B. Initial extension of credit. If an open-end account qualifies for a § 226.3(b) exemption at account opening based on a firm commitment, that account may also subsequently qualify for a § 226.3(b) exemption based on an initial extension of credit. However, that initial extension must be a single advance in excess of the threshold amount in effect at the time the extension is made. In addition, the account must continue to qualify for an exemption based on the firm commitment until the initial extension of credit is made. For example:

(1) Assume that, at account opening in year one, the threshold amount in effect is $50,000 and the account is exempt under § 226.3(b) based on the creditor's firm commitment to extend $55,000 in credit. The account is not used for an extension of credit during year one. On January 1 of year two, the threshold amount is increased to $51,000 pursuant to § 226.3(b)(1)(ii) as a result of an increase in the CPI-W. On July 1 of year two, the consumer uses the account for an initial extension of $52,000. As a result of this extension of credit, the account remains exempt under § 226.3(b) even if, after July 1 of year two, the creditor reduces the firm commitment to $51,000 or less.

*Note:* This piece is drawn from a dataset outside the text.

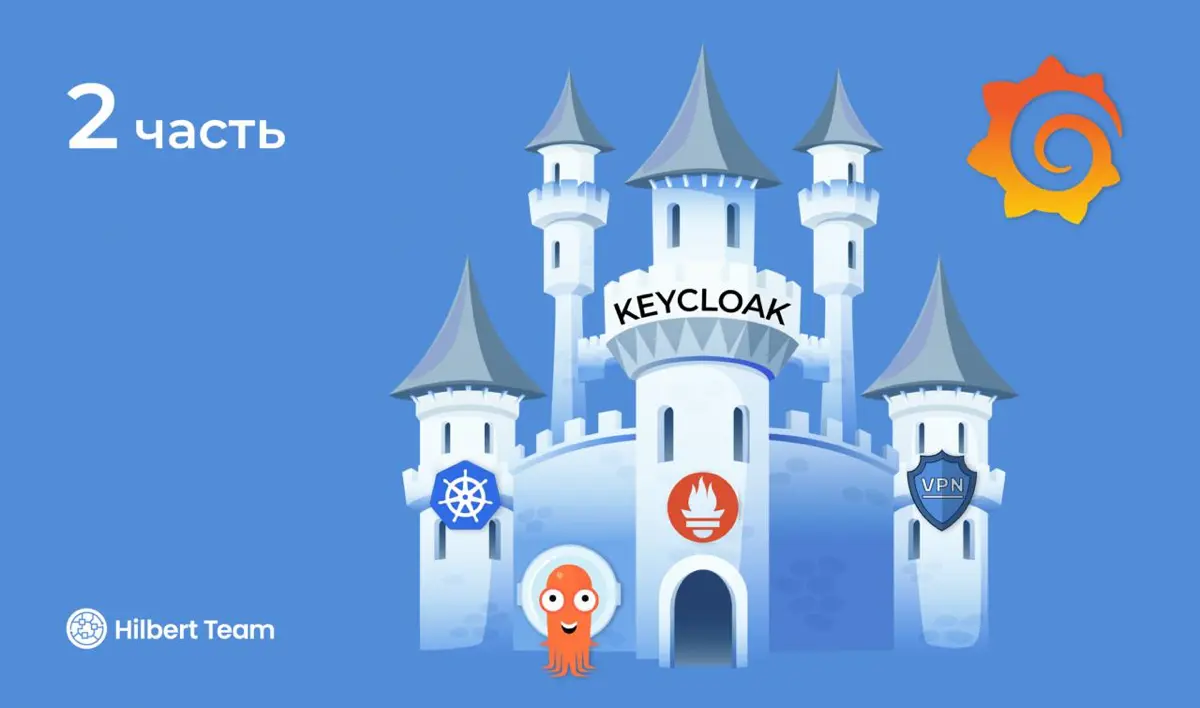 SSO через Keycloak для инфраструктурных сервисов: часть 2. | Сетка — социальная сеть от hh.ru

(2) Same facts as in paragraph iv.B(1) above except that the consumer uses the account for an initial extension of $30,000 on July 1 of year two and for an extension of $22,000 on July 15 of year two. In these circumstances, the account is not exempt under § 226.3(b) based on the $30,000 initial extension of credit because that extension did not exceed the applicable threshold amount ($51,000), although the account remains exempt based on the firm commitment to extend $55,000 in credit.

(3) Same facts as in paragraph iv.B(1) above except that, on April 1 of year two, the creditor reduces the firm commitment to $50,000, which is below the $51,000 threshold then in effect. Because the account ceases to qualify for a § 226.3(b) exemption on April 1 of year two, the account does not qualify for a § 226.3(b) exemption based on a $52,000 initial extension of credit on July 1 of year two.

5. Closed-end credit.

i. Qualifying for exemption. A closed-end loan is exempt under § 226.3(b) (unless the extension of credit is secured by any real property, or by personal property used or expected to be used as the consumer's principal dwelling; or is a private education loan as defined in § 226.46(b)(5)), if either of the following conditions is met.

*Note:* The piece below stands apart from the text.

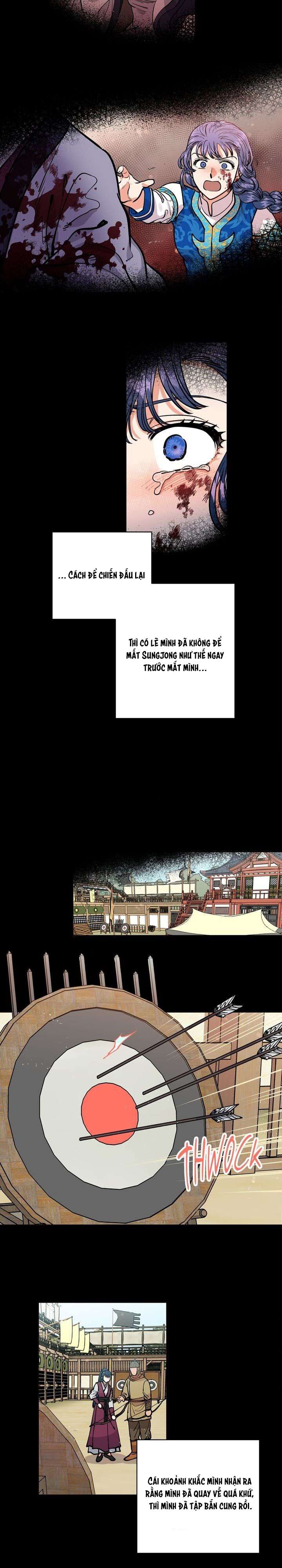 Cô Dâu Thiên Đàng chapter 31 - Trang 18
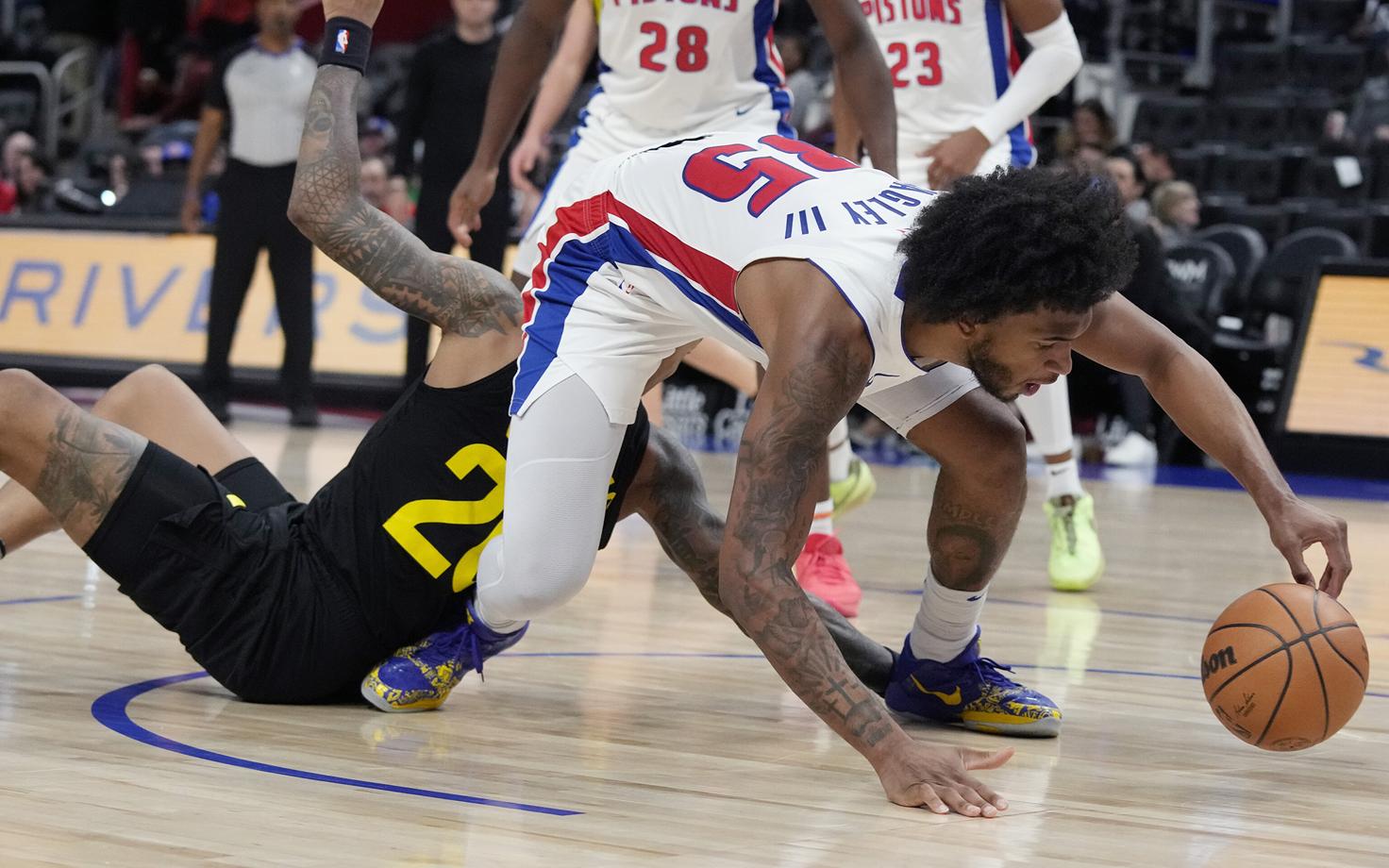 Marvin Bagley (Detroit Pistons)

A. The creditor makes an extension of credit at consummation that exceeds the threshold amount in effect at the time of consummation. In these circumstances, the loan remains exempt under § 226.3(b) even if the amount owed is subsequently reduced below the threshold amount (such as through repayment of the loan).

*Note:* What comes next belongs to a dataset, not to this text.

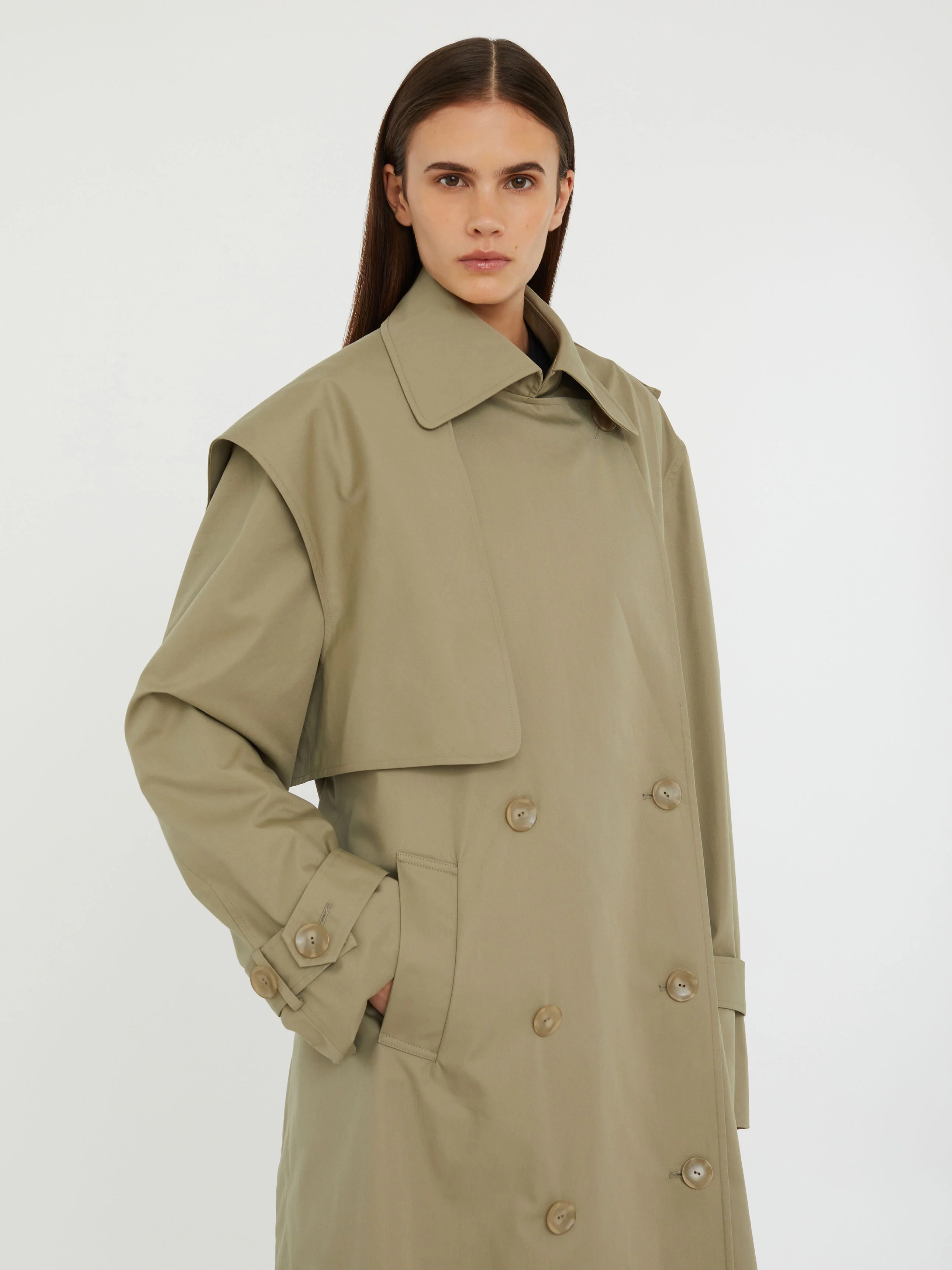 Loren Trench Coat - Image 6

B. The creditor makes a commitment at consummation to extend a total amount of credit in excess of the threshold amount in effect at the time of consummation. In these circumstances, the loan remains exempt under § 226.3(b) even if the total amount of credit extended does not exceed the threshold amount.

ii. Subsequent changes. If a creditor makes a closed-end extension of credit or commitment to extend closed-end credit that exceeds the threshold amount in effect at the time of consummation, the closed-end loan remains exempt under § 226.3(b) regardless of a subsequent increase in the threshold amount. However, a closed-end loan is not exempt under § 226.3(b) merely because it is used to satisfy and replace an existing exempt loan, unless the new extension of credit is itself exempt under the applicable threshold amount. For example, assume a closed-end loan that qualified for a § 226.3(b) exemption at consummation in year one is refinanced in year ten and that the new loan amount is less than the threshold amount in effect in year ten. In these circumstances, the creditor must comply with all of the applicable requirements of this part with respect to the year ten transaction if the original loan is satisfied and replaced by the new loan, which is not exempt under § 226.3(b). See also comment 3(b)-6.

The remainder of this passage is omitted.